Cepo is a municipal administrative units, formerly known as communes in the Gjirokastër County, southern Albania. At the 2015 local government reform it became a subdivision of the municipality Gjirokastër. The municipal unit administrative center is Palokastër village and it consists on 10 other villages which are: Fushëbardhë, Zhulat, Taroninë, Mashkullorë, Çepun, Kodër, Plesat, Kardhiq, Prongji and Humelicë.

History
In 1185 the seat of the Orthodox bishopric of Dryinopolis was moved to Cepo until 1395 when it was transferred to Argyrokastron (modern Gjirokastër).

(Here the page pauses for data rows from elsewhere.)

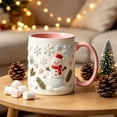 thumbnail image 3 of Christmas Ceramic Mugs Cute Xmas Coffee Cups with Santa Claus Reindeer Snowman Sleigh Handle Holiday Mug for Hot Beverages, 3 of 7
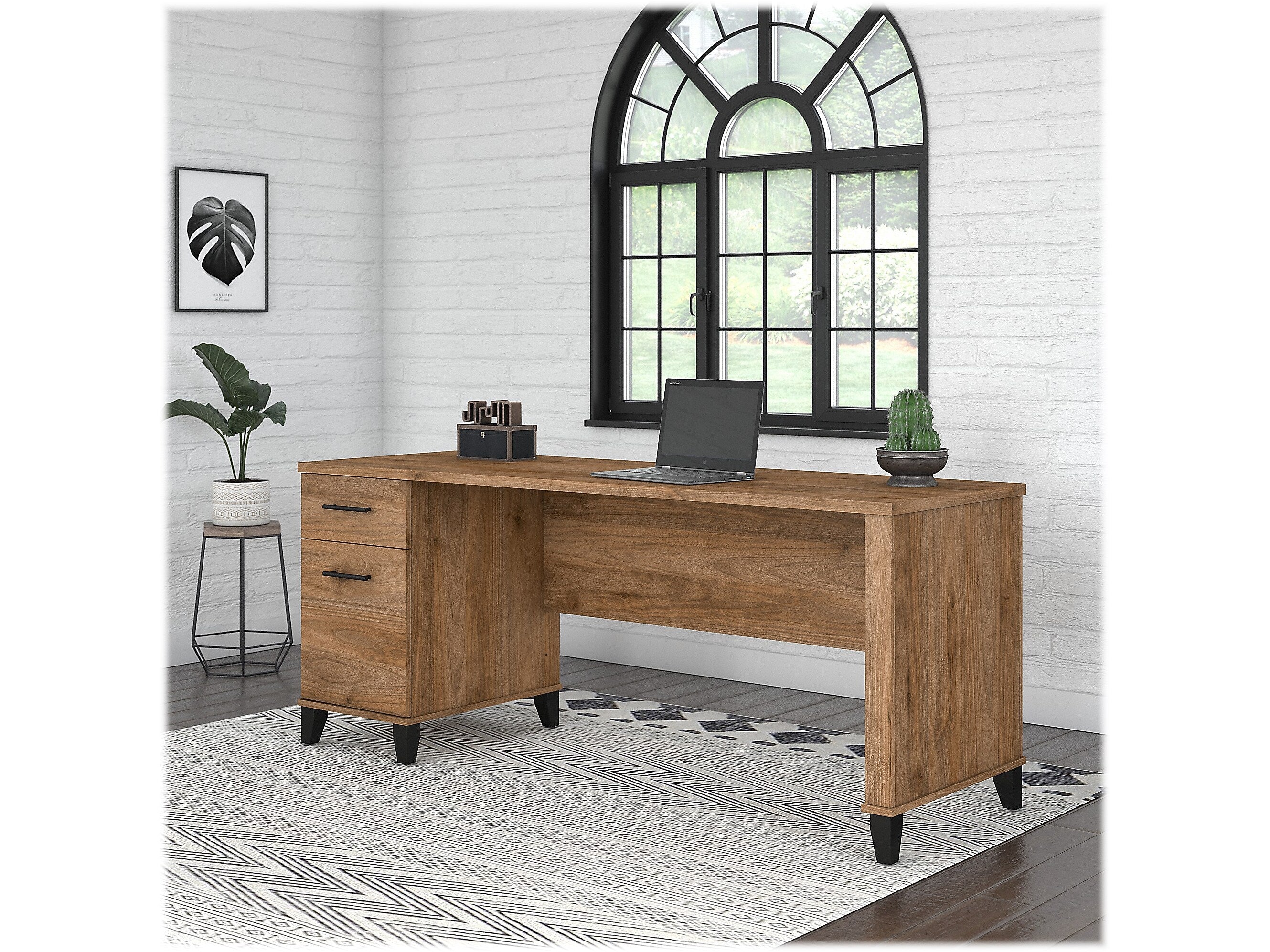 Bush Furniture Somerset 72"W Office Desk with Drawers, Fresh Walnut (WC81372)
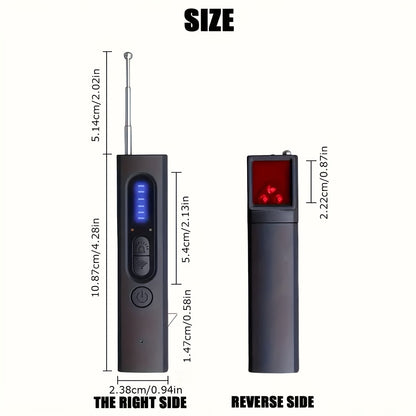 Détecteur de caméra cachée et scanner de signal RF anti-espion – Détecteur de mouchards, traceurs GPS et dispositifs d'écoute, balayeur de sécurité multifonction portable et rechargeable pour les voyages, l'hôtel, la maison, le bureau, la voiture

In Medieval times, Zhulat was the home of Papa Zhuli, a Catholic priest who is credited for the Kanun of Laberia.

Demographics
The population at the 2011 census was 1,727, while in the civil registers of the same year the population had a total of 6,702 inhabitants. In 2018, referring to the same civil registry, the population had a slight decline, counting a total population of 6,224. Historically speaking, Çepo had a mixed Muslim and Christian (Albanian Orthodox) population, with greater numbers of Muslims. Humelica was inhabited by a historically Christian population, Fushë Bardhe and Zhulat were inhabited by historically Muslim populations, and much of the rest of the commune is of mixed historical confession. In the 2011 census, a plurality (44.72%) the population did not identify with one of Albania's four major denominations, while of the major four, Çepo had 42.79% Muslims, 9.44% Orthodox, 2.2% Bektashi, and 1.85% Catholic.